Ist Music Streaming die perfekte Lösung für unbegrenzten Musikgenuss?
Wer vor 200 Jahren Musik hören wollte, musste selber ein Instrument spielen oder ausser Haus einer Live Darbietung beiwohnen. 100 Jahre später kratzten Trichtergrammophone Töne aus Schellackplatten. Musik als flüchtiges akustisches Ereignis war jetzt in gespeicherter Form dauerhaft verfügbar. Der Besitz von Tonträgern erlaubte es jedem seine Musik bei Bedarf zu Hause zu hören. Wann immer und so oft man wollte. Und heute? Musik besitzen – nicht nötig! Musik nur zu Hause zu hören – wer lebt noch mit dieser Einschränkung? Musik Streaming ist der dritte radikale Umbruch in der Art und Weise wie wir Musik hören und nutzen. Neue Möglichkeiten und Freiheiten haben auch immer ihren Preis und man muss mit den veränderten Möglichkeiten zurechtkommen.
Musik Streaming – Jeder Song auf Abruf
Mit einem Streaming Abo bei Spotify, Tidal oder Qobuz hat man Zugriff auf 10 bis 25 Millionen Songs, die bei Wiedergabe vom Server des Anbieters gespielt werden. Man hat weder einen Tonträger in der Hand noch besitzt man die Musik – man mietet sie. Wer Werbung nicht als Störfaktor empfindet, kann das Ganze sogar kostenlos haben (z.B. Spotify Free Abo). Für eine monatliche Gebühr im Bereich von 10 und 30 Franken steht dann eine immense Fülle von Alben und Künstlern zur freien Verfügung, spielbar auf jedem Gerät mit Internet Zugang auf dem die Benutzeroberfläche des Dienstes läuft.

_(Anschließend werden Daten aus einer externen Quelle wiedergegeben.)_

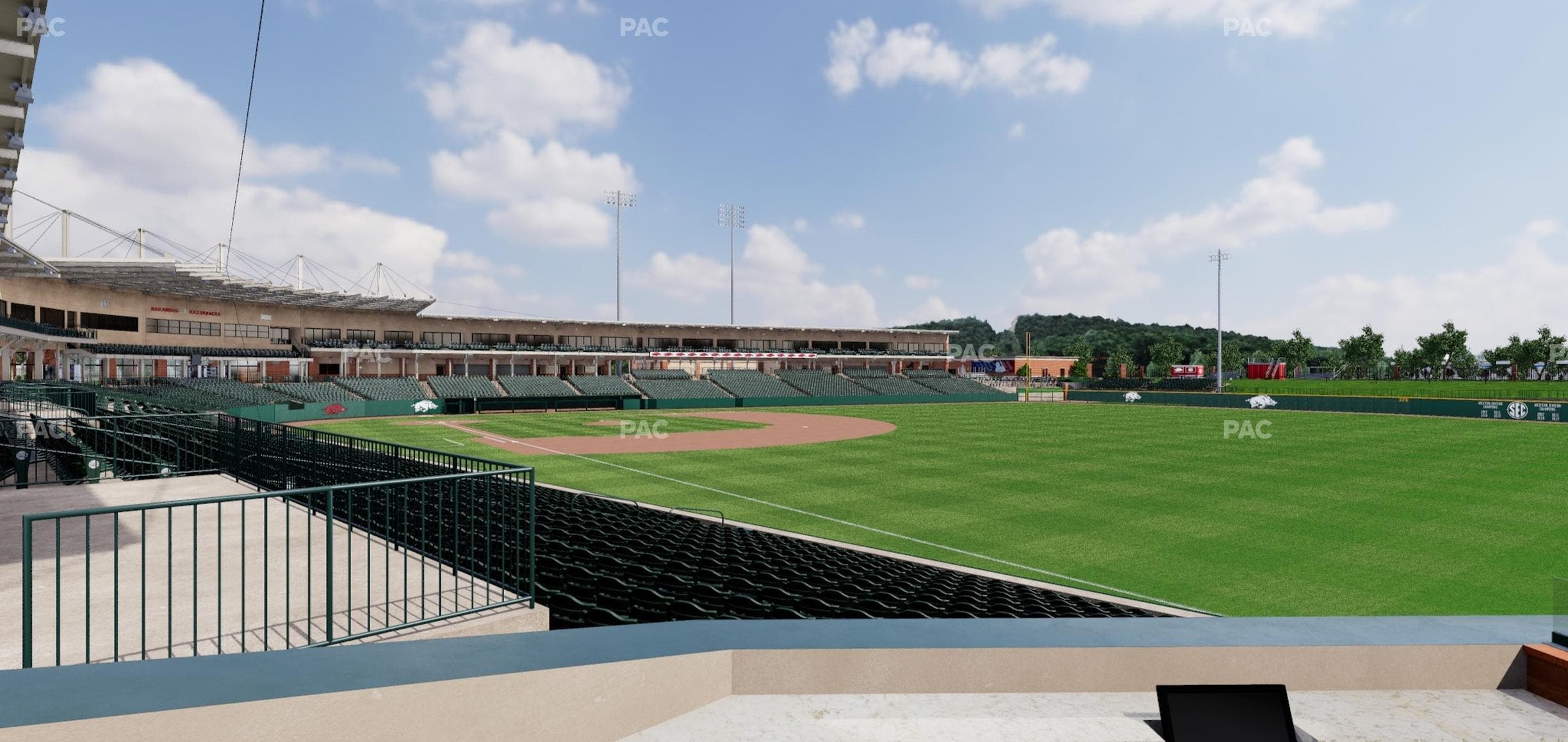 Baum Stadium At George Cole Field - Section Loge 9 Seat View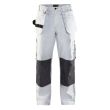 Pantalon peintre à poches flottantes blanc/gris foncé taille 40L - BLÅKLÄDER - 153112101098C146 pas cher
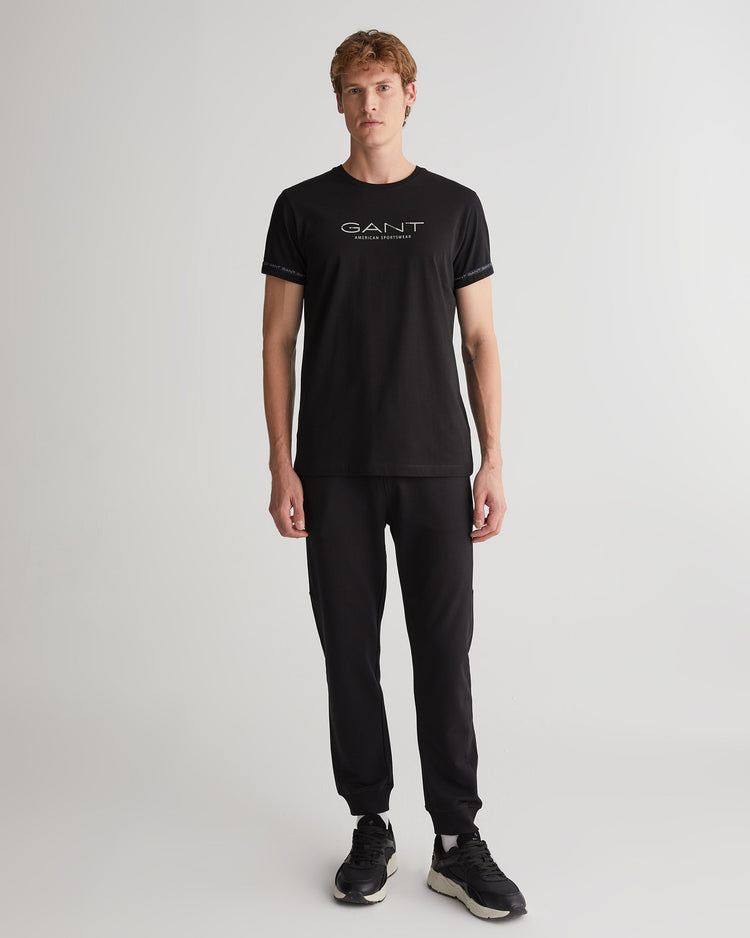 Męska koszulka z taśmą z logo C na szyi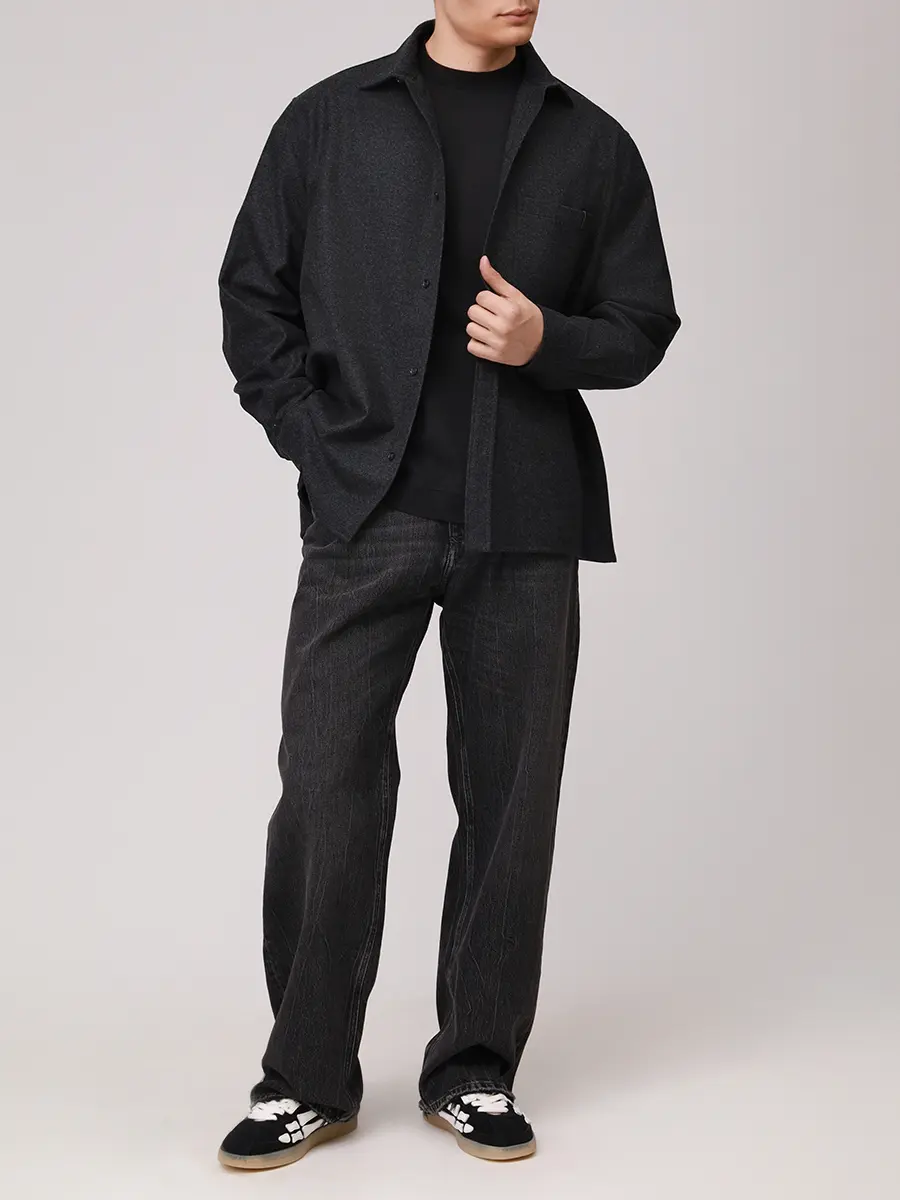 Рубашка шерстяная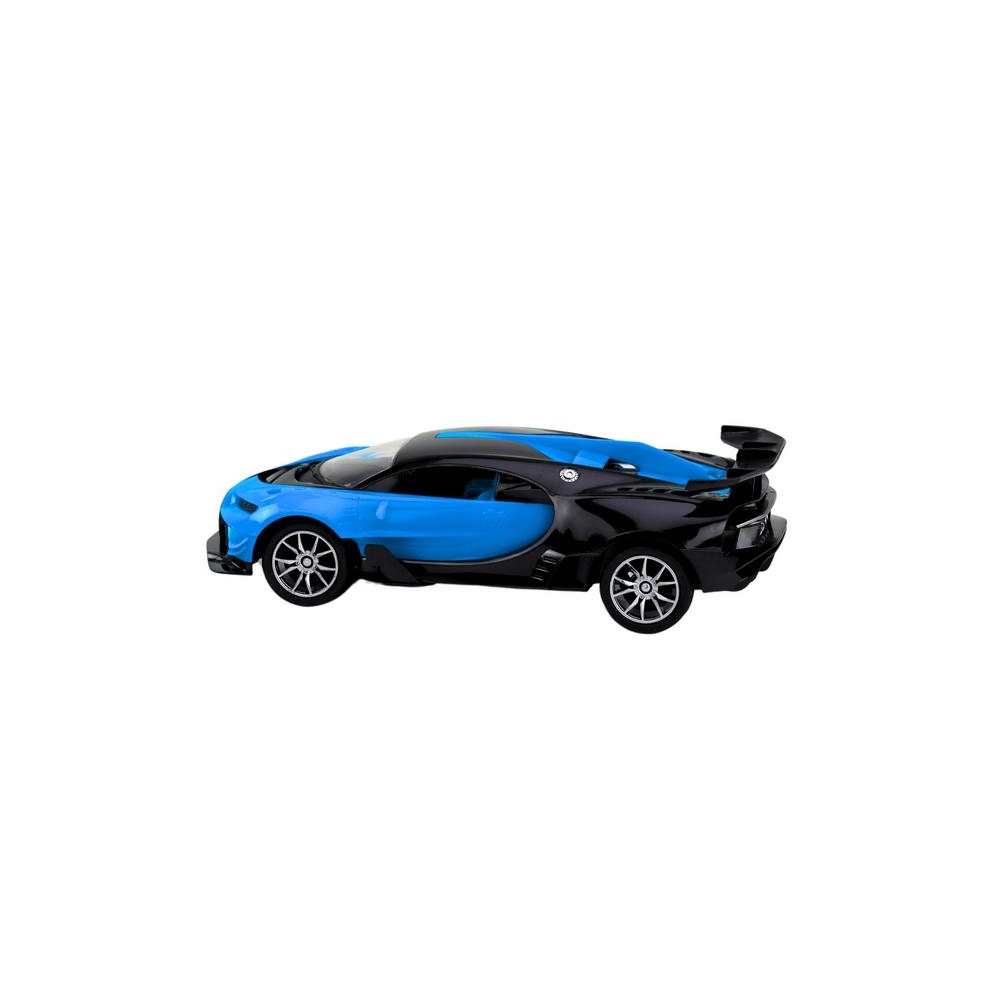 Sportinio automobilio nuotoliniu būdu valdomas „Auto RC Blue“ 1:16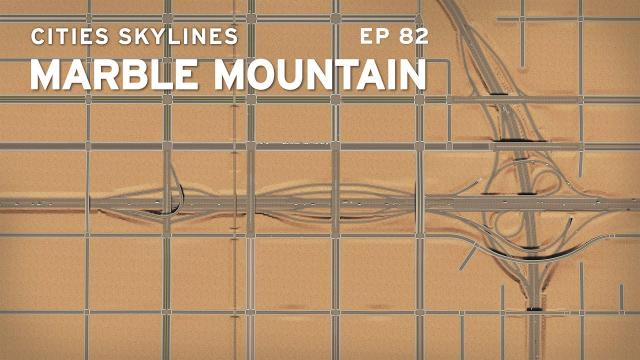 My Best Downtown Layout | Cities Skylines: Marble Mountain 82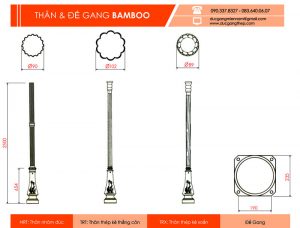 trụ đèn bamboo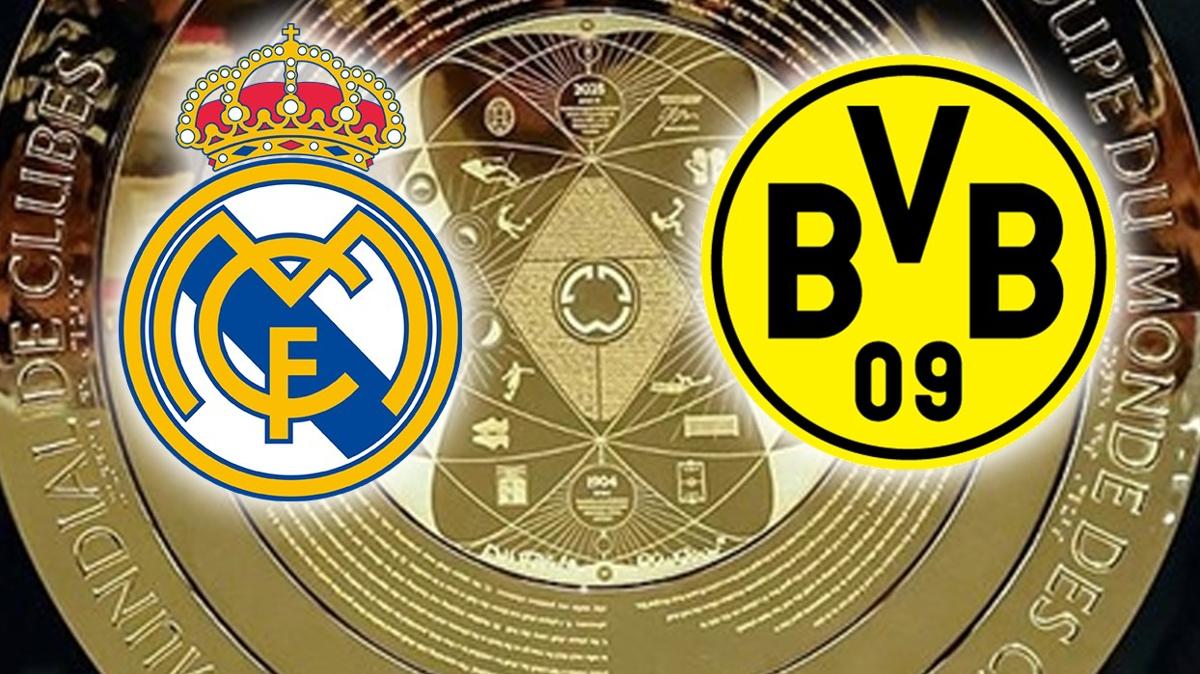 Real Madrid - Dortmund ma ne zaman Real Madrid - Dortmund ma hangi kanalda Real Madrid - Dortmund ma saat kata Real Madrid Dortmund FIFA Kulpler Dnya Kupas fotoraflar resimleri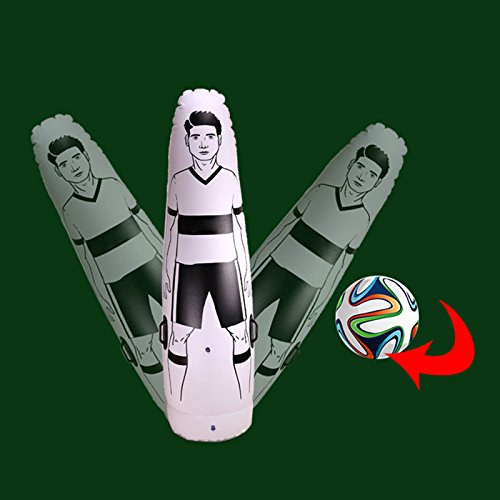 100 pcs 1.75 m Adulte Enfant Gonflable de Ballon de Football d'entraînement Gobelet de Gardien de But Air Soccer Train Sucette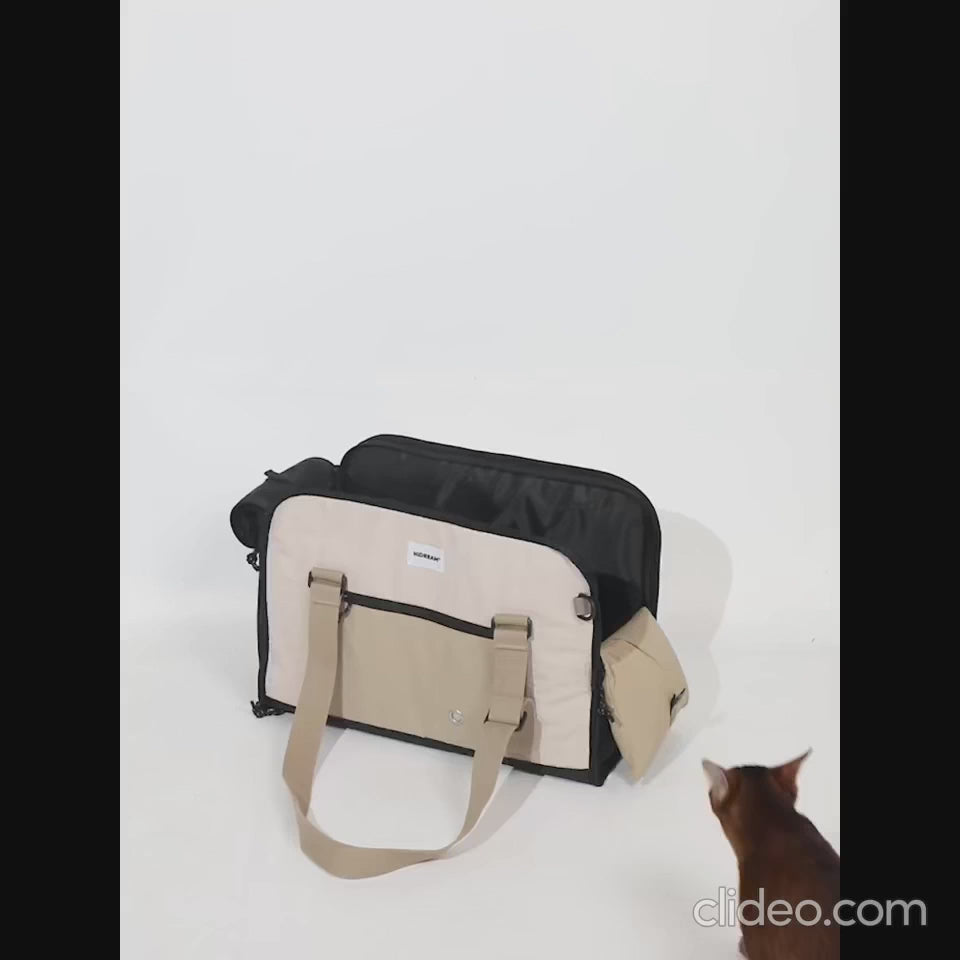 Explorer Duffle Dog and Cat Travel Bag With Cooler Pocket Product Introduction Video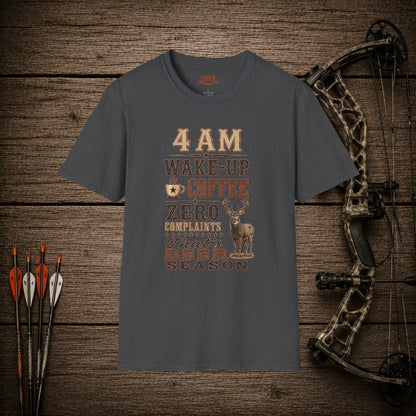 4am Deer Season  Adult Size T-Shirt
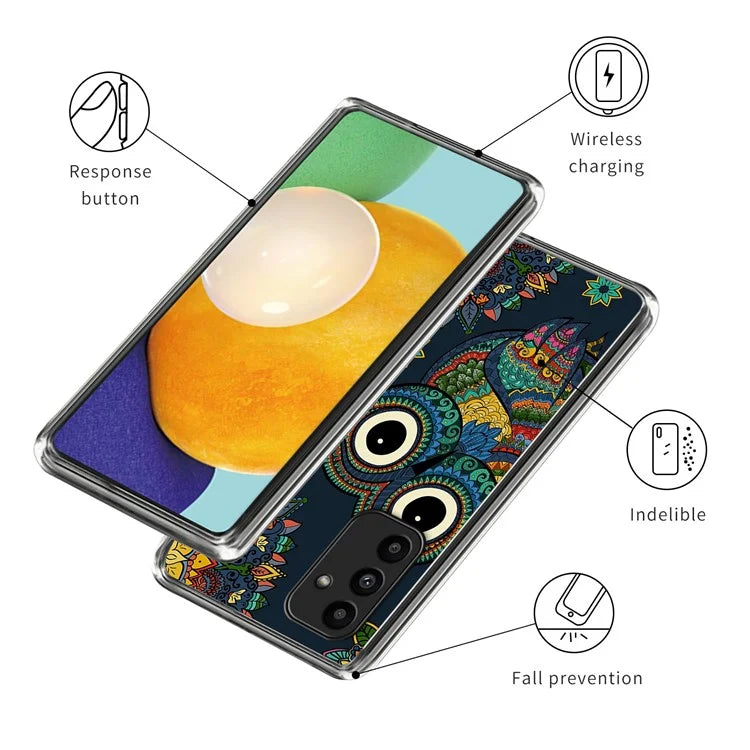 For Samsung Galaxy A15 4G / 5G TPU Protective Case Pattern Back Phone Cover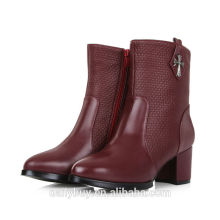 2014 hot sale lady leather boot shoes women short boots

Das alles klingt verlockend und beeinflusst die Art der Musiknutzung nachhaltig. Auch die Wertschätzung gegenüber der intellektuellen Leistung eines Künstlers, Songwriters oder Komponisten verändert sich drastisch. So erhält der Künstler den Bruchteil eines Rappens/Cent pro Stream. Ein Song muss somit mehrere zehntausend Mal gespielt werden, bevor sich auch nur ein einigermassen vernünftiger Ertrag auf der Künstlerseite einstellt. Auch die Streaming Anbieter arbeiten selten bis nie profitabel. Spotify – der grösste Anbieter – weist jedes Jahr höhere Nutzer- und Umsatzzahlen aus, aber auch der Verlust steigt stetig, der Ertrag pro Stream sinkt.
Suchen oder finden
Doch dies ist nur einer der Aspekte die ein Nutzer eines Streaming Abos bedenken muss oder sollte. Eine weit zentralere Frage ist, wie man sich in dem riesigen Angebot zurechtfindet. Sicher, man kann mit der Suchfunktion gezielt suchen. Aber seine Sammlung schnell mal durchsehen, wie dies zur Zeit der Schallplatte oder CD üblich war, geht nicht. Es hat einfach zu viel und die Gliederung der Alben ist oft nicht korrekt oder vermischt mit Anderem. Man verbringt viel Zeit mit suchen, entdeckt dafür aber auch unbekanntes, erweitert seinen Horizont. Das Herumexperimentieren in bislang fremden Genres kann Schätze heben. Doch wie organisiert man dann seine Favoriten? Die übliche Playlistensammlung beginnt zu wachsen, was auf die Dauer weder clever noch befriedigend ist aber einigermassen funktioniert – sofern man keine hohen Ansprüche stellt. Es verwundert nicht, dass die Streaming Dienstleister mit Playlistenvorschlägen, Gruppierungen und dynamisch generierten Listen mit artverwandten Alben dem Hörer die Auswahl erleichtern wollen.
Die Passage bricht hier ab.